[ENTRIES SHOWN]:

▼

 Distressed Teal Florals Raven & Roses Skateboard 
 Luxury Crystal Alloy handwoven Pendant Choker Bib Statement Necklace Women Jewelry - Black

▲
▼

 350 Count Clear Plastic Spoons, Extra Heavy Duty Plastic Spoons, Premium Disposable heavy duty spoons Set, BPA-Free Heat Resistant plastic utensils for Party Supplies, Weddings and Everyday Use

▲
▼

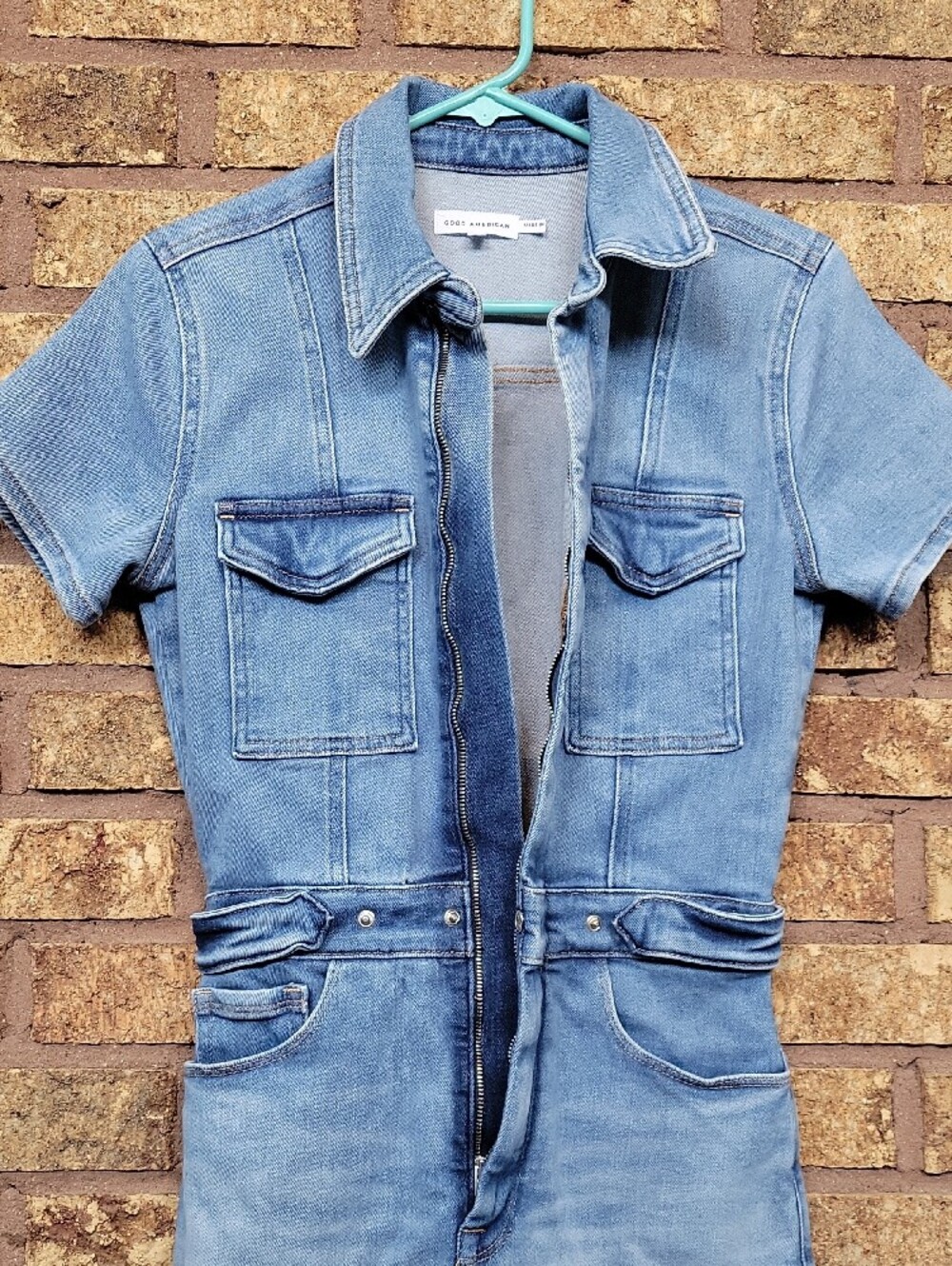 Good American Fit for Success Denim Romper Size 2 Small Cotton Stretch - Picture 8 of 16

▲

[PROBLEM]: Transcribe each line of the data above, unaltered, from the one where "Distressed Teal Florals" appears to the one where "Luxury Crystal Alloy" appears, inclusive of both.

[TASK RESULT]:
 Distressed Teal Florals Raven & Roses Skateboard 
 Luxury Crystal Alloy handwoven Pendant Choker Bib Statement Necklace Women Jewelry - Black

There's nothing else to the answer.